Exercise Lowers Brain Glutamate, May Reduce Toxicity

Scientists at the University of Guelph in Canada, have concluded in a recent study, that exercise can increase the use of the neurotransmitter glutamate in the brain, potentially lowering toxicity associated with excessive levels of the compound in neurodegenerative conditions such as Huntington’s disease.

Glutamate is one of the brain’s most frequently employed signaling molecules, but its abundance requires strict control of the levels present outside cells. When a glutamate neuron signals, releasing glutamate to excite another nerve cell in the process, the neurotransmitter needs to be rapidly cleared from the neuronal connection, called synapse, to allow new signals to be transmitted.

Glutamate present in too high levels becomes toxic to cells, and a failure to adequately control release or reuptake of the neurotransmitter is contributing to numerous disease states. Mitochondria — our cellular powerhouses — use glutamate, which is an amino acid, in their oxidative energy-producing processes.

Until recently, no one had investigated whether brain mitochondria might react to the increased energy demands during exercise by using more of the neurotransmitter.

“As we all know, exercise is healthy for the rest of the body and our study suggests that exercise may present an excellent option for reducing the severity of brain disorders,”  said Dr. Eric Herbst, the lead author of the study, in a press release.

The study, “Exercise increases mitochondrial glutamate oxidation in the mouse cerebral cortex,”  published in Applied Physiology, Nutrition, and Metabolism, allowed mice to run for 45 minutes on a treadmill before their brains were examined. Researchers noted that brain mitochondria used more glutamate after the exercise, without altering the use of pyruvate, another mitochondrial nutrient.

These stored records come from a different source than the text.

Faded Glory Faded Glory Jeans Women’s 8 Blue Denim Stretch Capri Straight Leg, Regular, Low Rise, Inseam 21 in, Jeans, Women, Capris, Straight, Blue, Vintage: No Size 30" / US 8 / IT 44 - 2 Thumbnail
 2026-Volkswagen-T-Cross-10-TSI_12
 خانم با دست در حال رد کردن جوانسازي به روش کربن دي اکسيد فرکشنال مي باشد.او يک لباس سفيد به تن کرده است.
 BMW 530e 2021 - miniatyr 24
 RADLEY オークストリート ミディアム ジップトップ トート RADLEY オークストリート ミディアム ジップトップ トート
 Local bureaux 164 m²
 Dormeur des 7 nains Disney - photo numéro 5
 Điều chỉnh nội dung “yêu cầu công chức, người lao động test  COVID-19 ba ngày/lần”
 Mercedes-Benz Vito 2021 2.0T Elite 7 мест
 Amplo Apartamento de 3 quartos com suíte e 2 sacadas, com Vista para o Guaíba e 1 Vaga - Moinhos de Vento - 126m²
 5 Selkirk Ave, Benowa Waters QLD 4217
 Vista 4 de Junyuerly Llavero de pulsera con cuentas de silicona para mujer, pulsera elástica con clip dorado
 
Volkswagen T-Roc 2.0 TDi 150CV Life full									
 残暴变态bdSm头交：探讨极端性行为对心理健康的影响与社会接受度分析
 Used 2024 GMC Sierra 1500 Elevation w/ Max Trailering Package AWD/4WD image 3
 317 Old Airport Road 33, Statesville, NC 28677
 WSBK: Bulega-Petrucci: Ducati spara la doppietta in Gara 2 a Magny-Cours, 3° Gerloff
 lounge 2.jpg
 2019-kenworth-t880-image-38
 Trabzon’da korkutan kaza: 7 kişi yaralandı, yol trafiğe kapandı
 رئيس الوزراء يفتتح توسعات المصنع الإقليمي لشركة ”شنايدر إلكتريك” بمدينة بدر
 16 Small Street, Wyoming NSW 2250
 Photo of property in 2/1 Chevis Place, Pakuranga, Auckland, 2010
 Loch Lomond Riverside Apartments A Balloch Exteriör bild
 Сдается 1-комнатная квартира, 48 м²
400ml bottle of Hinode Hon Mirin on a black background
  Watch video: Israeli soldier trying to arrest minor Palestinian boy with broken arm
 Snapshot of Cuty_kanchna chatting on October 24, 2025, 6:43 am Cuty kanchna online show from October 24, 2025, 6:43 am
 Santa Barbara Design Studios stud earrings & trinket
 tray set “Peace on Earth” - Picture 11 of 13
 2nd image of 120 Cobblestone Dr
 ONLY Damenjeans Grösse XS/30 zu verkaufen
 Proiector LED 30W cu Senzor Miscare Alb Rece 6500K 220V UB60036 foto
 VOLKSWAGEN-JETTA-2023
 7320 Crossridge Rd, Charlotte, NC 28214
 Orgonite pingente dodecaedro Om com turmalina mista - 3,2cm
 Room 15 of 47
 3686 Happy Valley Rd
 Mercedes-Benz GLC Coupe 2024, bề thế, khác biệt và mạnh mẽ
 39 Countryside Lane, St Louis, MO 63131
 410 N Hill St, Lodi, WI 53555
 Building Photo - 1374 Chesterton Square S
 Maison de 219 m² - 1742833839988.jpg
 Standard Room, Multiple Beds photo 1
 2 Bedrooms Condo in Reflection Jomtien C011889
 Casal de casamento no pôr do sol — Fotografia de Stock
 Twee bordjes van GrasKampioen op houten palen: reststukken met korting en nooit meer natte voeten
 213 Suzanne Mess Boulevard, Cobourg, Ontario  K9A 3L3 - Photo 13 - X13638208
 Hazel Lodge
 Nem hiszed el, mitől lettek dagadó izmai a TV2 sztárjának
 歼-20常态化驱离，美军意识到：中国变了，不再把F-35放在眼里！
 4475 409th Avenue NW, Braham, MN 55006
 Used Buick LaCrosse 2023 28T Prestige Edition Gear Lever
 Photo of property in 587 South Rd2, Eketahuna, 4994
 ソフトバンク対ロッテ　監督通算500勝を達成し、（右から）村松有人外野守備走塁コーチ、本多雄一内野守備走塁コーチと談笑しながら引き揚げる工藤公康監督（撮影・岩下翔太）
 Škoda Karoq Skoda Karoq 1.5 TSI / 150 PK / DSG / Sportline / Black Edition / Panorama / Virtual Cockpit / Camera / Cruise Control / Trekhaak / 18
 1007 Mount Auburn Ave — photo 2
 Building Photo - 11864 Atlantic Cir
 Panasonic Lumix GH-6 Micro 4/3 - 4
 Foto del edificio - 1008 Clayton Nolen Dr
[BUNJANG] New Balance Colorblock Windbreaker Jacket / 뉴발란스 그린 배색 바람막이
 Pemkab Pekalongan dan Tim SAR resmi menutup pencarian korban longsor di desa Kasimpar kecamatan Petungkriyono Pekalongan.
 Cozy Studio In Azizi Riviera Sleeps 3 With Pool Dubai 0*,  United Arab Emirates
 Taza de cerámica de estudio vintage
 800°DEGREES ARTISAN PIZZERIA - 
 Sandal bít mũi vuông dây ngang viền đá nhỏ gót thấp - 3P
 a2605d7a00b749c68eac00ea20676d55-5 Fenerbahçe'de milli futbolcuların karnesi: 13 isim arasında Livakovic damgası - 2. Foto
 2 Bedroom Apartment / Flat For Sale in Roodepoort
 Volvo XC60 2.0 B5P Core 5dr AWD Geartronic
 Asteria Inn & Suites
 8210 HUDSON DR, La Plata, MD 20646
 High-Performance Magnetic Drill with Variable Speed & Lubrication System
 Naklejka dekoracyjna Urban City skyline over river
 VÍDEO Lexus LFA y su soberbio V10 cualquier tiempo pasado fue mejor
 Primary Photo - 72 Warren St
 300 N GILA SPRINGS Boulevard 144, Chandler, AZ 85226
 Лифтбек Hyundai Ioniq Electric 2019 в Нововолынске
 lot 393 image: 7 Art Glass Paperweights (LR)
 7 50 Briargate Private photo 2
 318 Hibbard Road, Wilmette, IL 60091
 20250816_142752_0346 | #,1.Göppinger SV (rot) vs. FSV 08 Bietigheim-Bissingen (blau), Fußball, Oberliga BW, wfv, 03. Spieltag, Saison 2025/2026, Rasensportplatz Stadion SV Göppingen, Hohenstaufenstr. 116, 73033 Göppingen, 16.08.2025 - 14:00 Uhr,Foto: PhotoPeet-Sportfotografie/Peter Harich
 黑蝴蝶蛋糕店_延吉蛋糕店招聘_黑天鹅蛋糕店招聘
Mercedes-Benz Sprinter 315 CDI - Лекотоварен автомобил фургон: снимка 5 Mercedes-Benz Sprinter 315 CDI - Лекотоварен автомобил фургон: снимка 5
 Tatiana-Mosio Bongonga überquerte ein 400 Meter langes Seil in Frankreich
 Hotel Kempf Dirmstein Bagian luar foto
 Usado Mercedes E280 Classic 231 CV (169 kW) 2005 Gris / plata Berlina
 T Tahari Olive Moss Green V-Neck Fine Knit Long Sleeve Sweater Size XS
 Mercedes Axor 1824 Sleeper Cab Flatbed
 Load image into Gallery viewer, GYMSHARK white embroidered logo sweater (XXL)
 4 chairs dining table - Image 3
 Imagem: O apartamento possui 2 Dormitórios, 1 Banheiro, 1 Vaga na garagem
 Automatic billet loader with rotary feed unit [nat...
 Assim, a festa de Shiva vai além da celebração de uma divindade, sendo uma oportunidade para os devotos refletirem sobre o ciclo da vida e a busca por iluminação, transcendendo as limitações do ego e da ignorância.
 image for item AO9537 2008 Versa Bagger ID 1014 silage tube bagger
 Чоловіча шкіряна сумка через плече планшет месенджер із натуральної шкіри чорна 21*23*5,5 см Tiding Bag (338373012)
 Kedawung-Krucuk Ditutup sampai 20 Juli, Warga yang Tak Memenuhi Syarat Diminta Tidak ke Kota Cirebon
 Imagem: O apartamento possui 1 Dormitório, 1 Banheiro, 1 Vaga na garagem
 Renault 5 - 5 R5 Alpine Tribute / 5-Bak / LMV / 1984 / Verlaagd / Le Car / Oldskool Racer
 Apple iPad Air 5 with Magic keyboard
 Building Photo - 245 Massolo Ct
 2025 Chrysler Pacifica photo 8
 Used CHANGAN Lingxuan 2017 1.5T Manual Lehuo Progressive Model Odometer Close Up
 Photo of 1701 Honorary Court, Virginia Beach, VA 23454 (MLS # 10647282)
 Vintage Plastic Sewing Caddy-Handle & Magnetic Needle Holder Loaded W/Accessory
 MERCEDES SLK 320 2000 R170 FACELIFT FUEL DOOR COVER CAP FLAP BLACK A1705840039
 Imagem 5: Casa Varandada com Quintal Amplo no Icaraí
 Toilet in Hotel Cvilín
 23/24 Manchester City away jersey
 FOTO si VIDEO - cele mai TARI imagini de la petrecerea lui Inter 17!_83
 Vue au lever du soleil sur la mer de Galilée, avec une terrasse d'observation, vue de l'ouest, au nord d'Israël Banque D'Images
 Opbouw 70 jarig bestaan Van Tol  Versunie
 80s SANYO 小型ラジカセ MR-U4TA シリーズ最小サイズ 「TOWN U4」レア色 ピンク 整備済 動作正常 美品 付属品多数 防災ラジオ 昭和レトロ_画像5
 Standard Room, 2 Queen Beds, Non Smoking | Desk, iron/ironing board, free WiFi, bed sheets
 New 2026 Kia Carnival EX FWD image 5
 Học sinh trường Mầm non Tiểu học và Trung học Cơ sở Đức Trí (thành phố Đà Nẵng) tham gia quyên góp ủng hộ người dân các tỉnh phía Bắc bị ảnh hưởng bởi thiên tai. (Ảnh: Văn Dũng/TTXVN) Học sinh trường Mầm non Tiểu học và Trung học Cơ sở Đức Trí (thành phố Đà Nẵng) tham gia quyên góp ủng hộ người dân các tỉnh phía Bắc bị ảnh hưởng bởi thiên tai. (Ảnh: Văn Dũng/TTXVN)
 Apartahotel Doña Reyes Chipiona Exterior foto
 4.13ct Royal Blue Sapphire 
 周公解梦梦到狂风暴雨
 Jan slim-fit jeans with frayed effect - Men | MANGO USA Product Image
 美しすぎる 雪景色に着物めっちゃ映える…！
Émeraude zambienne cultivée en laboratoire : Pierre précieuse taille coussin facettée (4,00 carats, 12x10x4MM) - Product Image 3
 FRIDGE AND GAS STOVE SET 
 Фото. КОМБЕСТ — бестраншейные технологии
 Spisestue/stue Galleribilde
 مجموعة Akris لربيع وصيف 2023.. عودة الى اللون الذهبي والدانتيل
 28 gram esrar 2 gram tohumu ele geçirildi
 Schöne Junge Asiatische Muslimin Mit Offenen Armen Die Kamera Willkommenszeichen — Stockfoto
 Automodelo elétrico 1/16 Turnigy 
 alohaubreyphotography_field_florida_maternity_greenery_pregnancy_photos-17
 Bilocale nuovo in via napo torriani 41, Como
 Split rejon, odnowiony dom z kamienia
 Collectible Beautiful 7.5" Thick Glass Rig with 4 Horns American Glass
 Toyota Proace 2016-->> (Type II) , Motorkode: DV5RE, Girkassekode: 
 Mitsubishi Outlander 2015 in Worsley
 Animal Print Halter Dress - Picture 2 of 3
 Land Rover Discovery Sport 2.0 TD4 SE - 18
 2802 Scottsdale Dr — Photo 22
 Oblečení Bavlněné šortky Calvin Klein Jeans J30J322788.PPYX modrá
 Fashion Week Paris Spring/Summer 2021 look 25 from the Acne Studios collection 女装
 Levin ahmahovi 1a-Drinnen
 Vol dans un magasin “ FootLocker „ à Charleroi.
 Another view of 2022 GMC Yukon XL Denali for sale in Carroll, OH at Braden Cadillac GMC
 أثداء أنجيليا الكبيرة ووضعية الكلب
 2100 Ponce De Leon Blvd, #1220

“Taking into account that there are no cures for neurodegenerative diseases where glutamate is implicated, this study offers another example of the benefits of exercise for our brains,” continued Dr. Herbst. “In short, these findings offer another reason to exercise with the aim of either preventing or slowing the neurodegeneration caused by these disorders.”

The identification of mechanisms behind this selective increase in mitochondrial glutamate metabolism might give researchers in other fields important insight for ways to lower excessive brain glutamate and hinder its toxicity.

Exactly how these findings are applicable to people with neurodegenerative diseases, such as Huntington’s, needs further investigation.